A consumer writes...
I've long been a fan of Wrigleys Juicyfruit chewing gum. I bought a packet at the weekend, and it now comes in a new funky, hip packaging. Gone is the distinctive logo, replaced with some 'groovy' typeface, and a note saying "now longer lasting", but it felt like the packet has got smaller.
Then yesterday, I bought an old-style packet of Juicyfruit from a gas station that still had some of the old stock, and what do you know - the old packet weighed 17g and the new, longer lasting packet is 14g - for the same price as the old packet.

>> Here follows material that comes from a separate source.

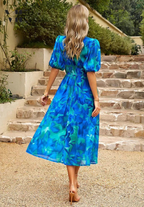 Women's Multicolor Floral Midi Dress Half Puff Sleeve V Neck Flowy Summer Boho Dress 6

So this new redesigned labelling comes with a catch - you are getting ripped off. How can gum be longer lasting? That's subjective. I'm never buying Juicyfruit ever again. If you happen to know anyone who works for Wrigleys, can you find out why they are screwing their customers like this? Thank you.

Monday, May 03, 2004

Why Aston Kutcher is a moron
From allhiphop.com... "A prank from the MTV show "Punk'd" has reportedly gone wrong when host Ashton Kutcher and crew attempted to trick Black Eyed Peas into a fake arrest. According to published reports, the BEP entourage began fighting with the shows fake cops after the attempted apprehension within a brothel."
They may be making them cheesy crossover hiphop/pop hits, but damn, don't mess with those Black Eyed Peas.